Per il direttore dell’Aseri il successo conseguito da Tsipras ha consentito di dare una nuova fiducia al sistema democratico rappresentativo. Il tutto responsabilizzando i cittadini anche per le scelte che riguardano le politiche economiche e la salute dello Stato, sottolineando che, se così non fosse «esisterebbe un empireo di scelte troppo impegnative che non debbano essere sottoposte a scrutinio elettorale: ma non si possono fare i conti senza l'oste, senza il popolo». Quello che è successo in Grecia, secondo Parsi, «non è stata la vittoria di una posizione radicale, ma di una richiesta radicale di riforme.

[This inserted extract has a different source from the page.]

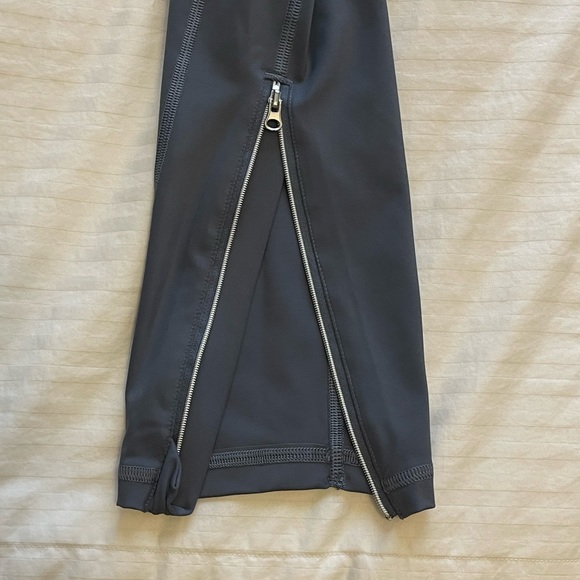 Victoria’s Secret Sport Gray Leggings Sz M NEW!! - Picture 3 of 5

Credo che questo sia l'unico modo di far sopravvivere l'Unione, consentendole di espandersi».

Una posizione su cui si è detto d’accordo Roberto Maroni che si è rifatto alla massima di Winston Churchill: “È stato detto che la democrazia è la peggior forma di governo, eccezion fatta per tutte quelle altre forme che si sono sperimentate finora”. «Quando la Grecia dà un segnale così forte, parlare di populismo significa non interpretare adeguatamente la situazione attuale - ha affermato il governatore della Lombardia -. Si apre una stagione interessante per il metodo, più che il merito: sono opportune valutazioni nel merito, ma il messaggio che arriva chiaramente dalla Grecia è che si possa mettere in discussione tutto». Lo stesso avvicinamento di Tsipras alla destra sembra testimoniare quanto detto.

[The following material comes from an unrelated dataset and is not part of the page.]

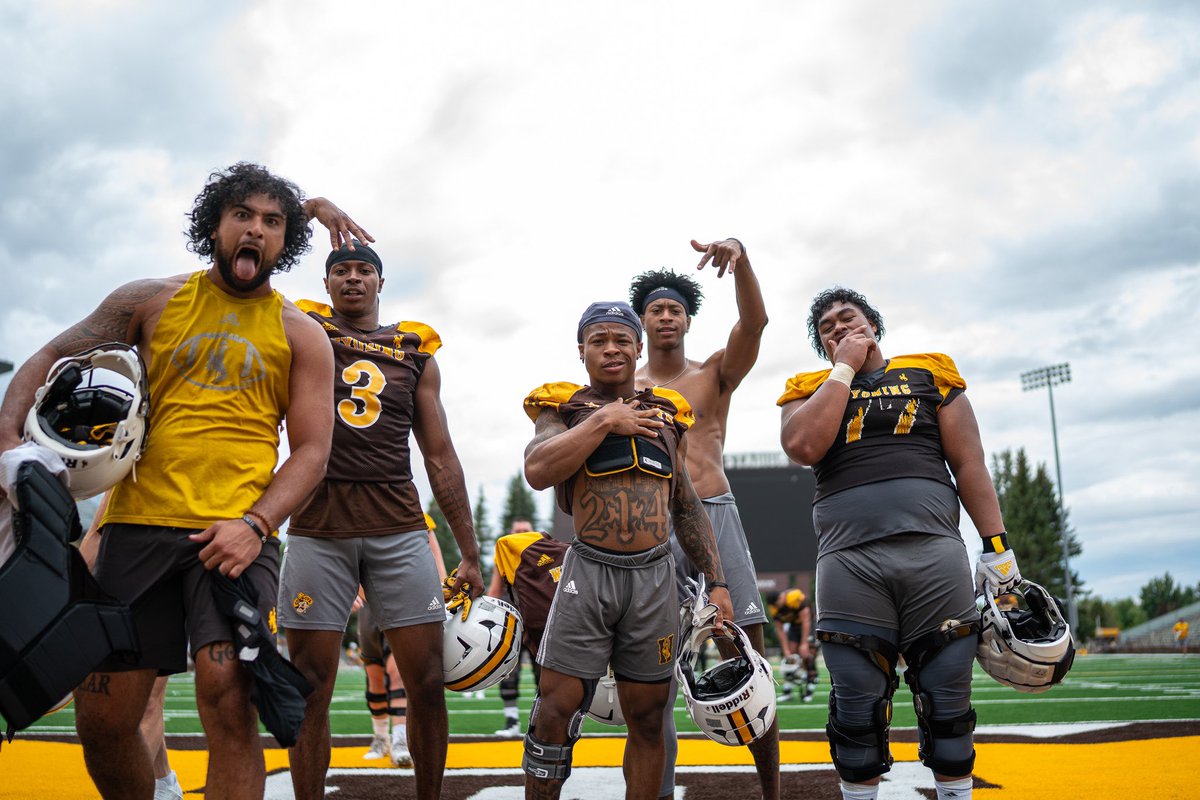 wyo_football's tweet photo. Hit the pose on day ☝️ https://t.co/hM7hSSllPb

L’intervento del Presidente della Regione Lombardia apre poi a nuovi orizzonti come quello delle macroregioni. «Non sono contrario al concetto di Unione Europea, purché ci si renda conto che debba essere aggiornato. Uno dei passi fondamentali che è chiamata a fare oggi l'Europa è di passare da una concezione basata esclusivamente sugli Stati europei a quella delle macroregioni». Maroni ha segnalato, infatti, che quest’anno nascerà la Macroregione Alpina, riconosciuta dall'Ue:«Sarà una dimensione sovraregionale e sovrastatale composta da quarantotto regioni di sette stati diversi che, se saranno in grado di dar vita a una collaborazione efficace, determineranno le politiche unitarie dei prossimi anni».
 
Il direttore di Formiche Paolo Messa, che ha moderato il dibattito, ha fatto notare come due fenomeni politici degli ultimi anni si siano sommati senza integrarsi: «la maggiore incombenza dell'Unione europea nella vita quotidiana e nelle decisioni del legislatore - statale e regionale - e il federalismo».

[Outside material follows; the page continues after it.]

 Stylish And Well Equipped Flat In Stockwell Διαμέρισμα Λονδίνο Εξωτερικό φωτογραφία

«Oggi l'Italia è più vicina al caos che alla razionalizzazione - ha detto Maroni -. È sufficiente pensare all'identificazione delle province come unica fonte di sprechi del nostro Paese. Il risultato è stato quello di non avere abolito queste entità territoriali, ma soltanto la loro elezione popolare, sottraendo fondi per un totale di un miliardo di euro e affidando alle stesse competenze esclusive che prima spettavano alle regioni».

Si è trattato di un errore di valutazione o è il frutto di «un disegno neocentralista ben definito, che va esattamente in senso contrario alla strada da seguire secondo il principio di sussidiarietà»? Secondo Maroni «l’Italia si trova in uno stato di transizione perenne, che fa oscillare il Paese avanti e indietro, senza giungere a un punto definitivo».
 
L’ultima parola del dibattito al direttore dell’Aseri: «Sino al 2008 l'Europa è stata il pilastro di un ordine liberale internazionale: non si discuteva prima di allora la possibilità che esistesse un modello alternativo di sviluppo economico. Oggi invece l'Ue è minacciata dal rischio di non essere più in grado di mantenere un adeguato livello di uguaglianza tra gli stati membri, dal momento che, a seguito della crisi finanziaria, è aumentata la distanza gerarchica tra questi», ha spiegato il professor Parsi. Come rispondere alle sfide lanciate dal terrorismo? «È necessario ridefinire quanto le decisioni dei singoli Stati vadano nella direzione di affermare un'unica presenza europea, senza tenere disgiunte la spinta comunitaria e quella intergovernativa che hanno caratterizzato l'Europa sin dagli inizi».